What to work on: For the records that follow, restate each one word for word and leave the images behind.

[Records contained in a dataset]
==============================
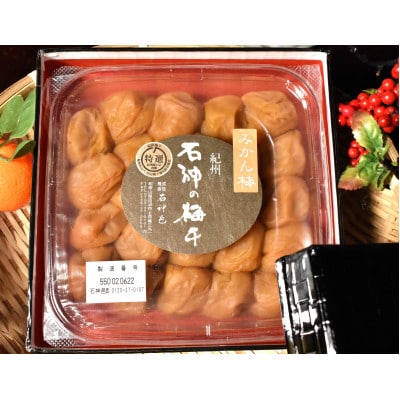 高級南高梅みかん梅400g入　紀州塗箱　網代模様仕上【1313342】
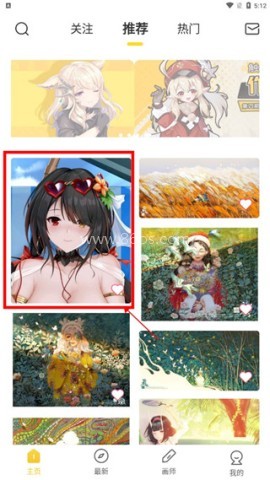 触站官网版 第4张图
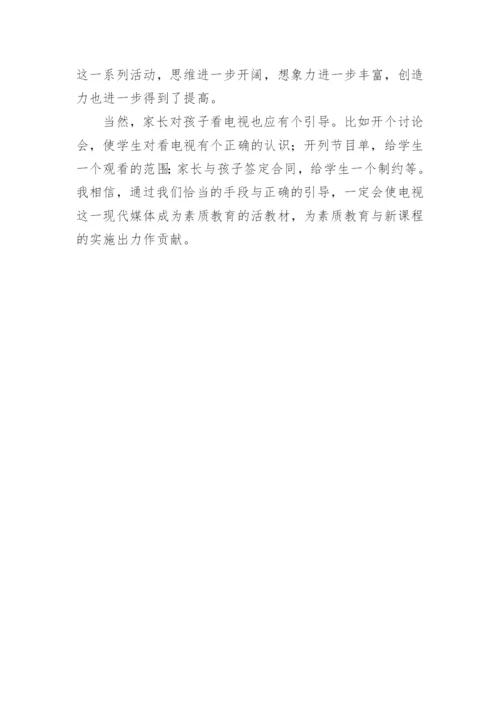 电视艺术在语文课堂教学中的作用论文.docx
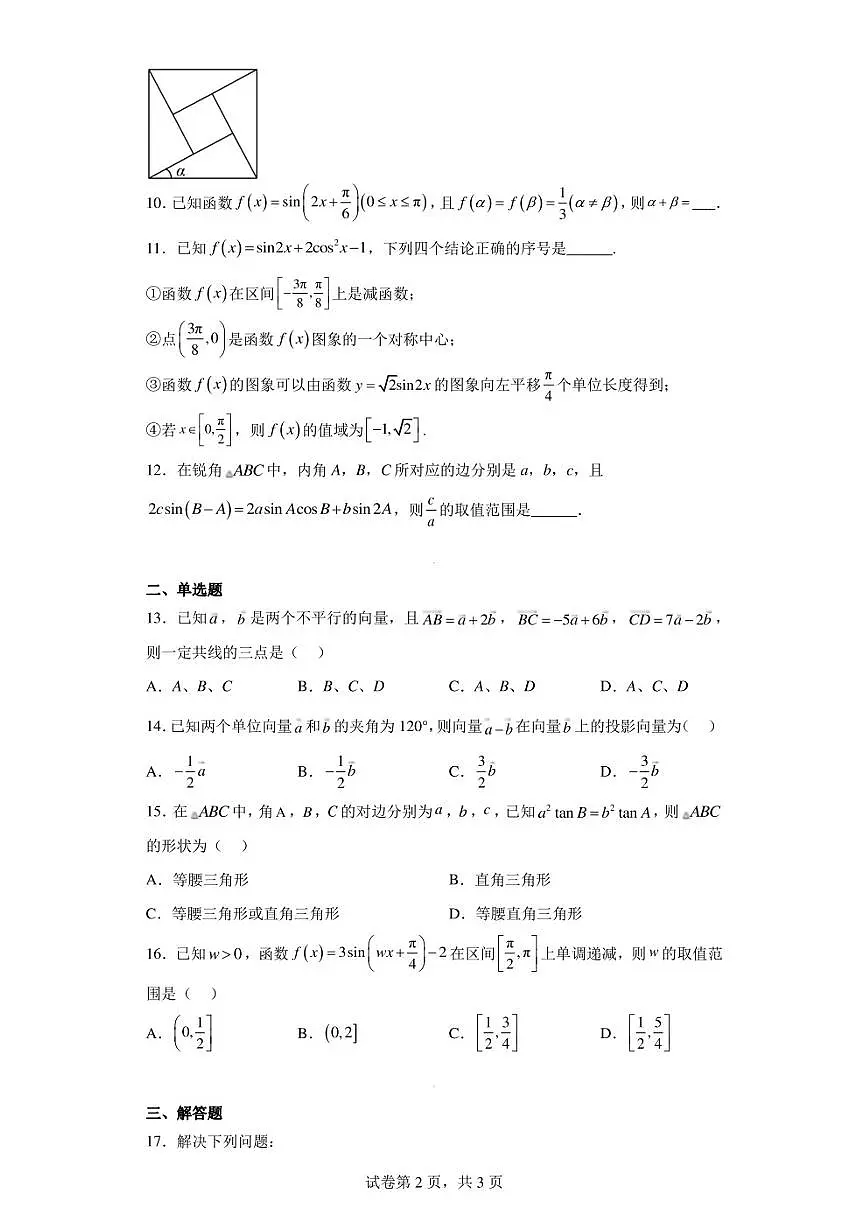 上海市第二中学2022-2023学年高一下学期期中数学试题第2页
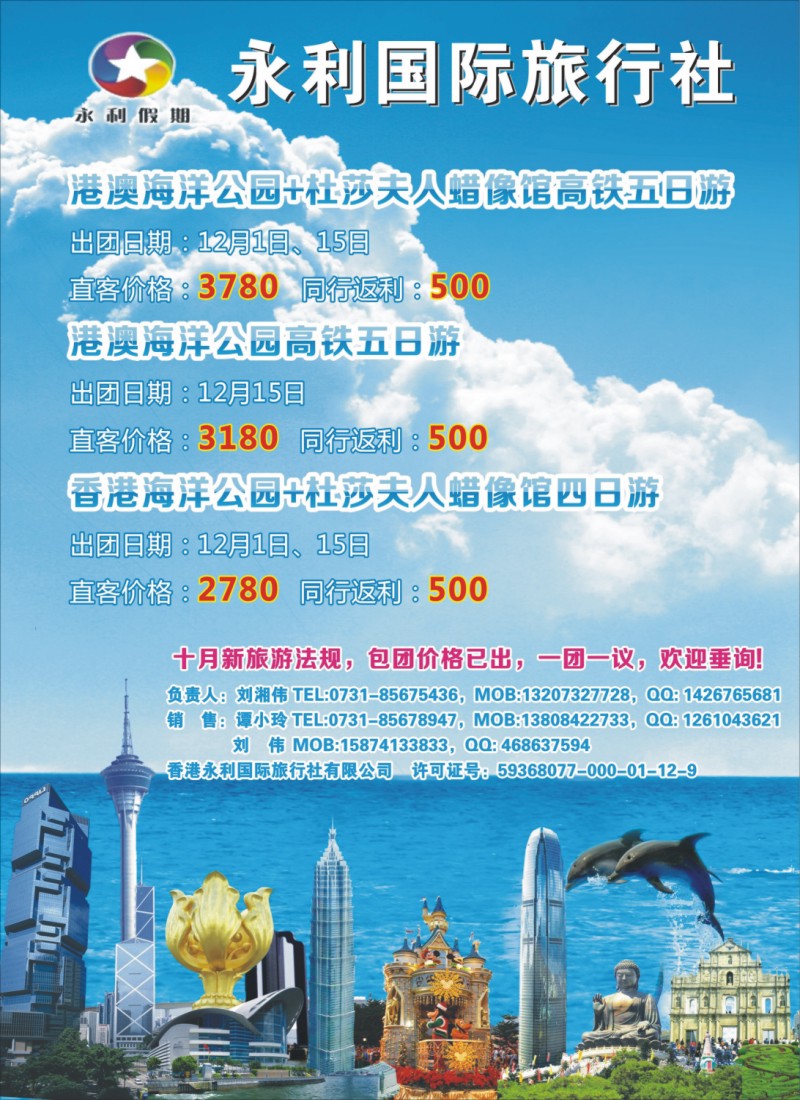 香港永利国际旅行社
==============================
Final answer:
 高級南高梅みかん梅400g入　紀州塗箱　網代模様仕上【1313342】
 触站官网版 第4张图
 电视艺术在语文课堂教学中的作用论文.docx
 上海市第二中学2022-2023学年高一下学期期中数学试题第2页
 香港永利国际旅行社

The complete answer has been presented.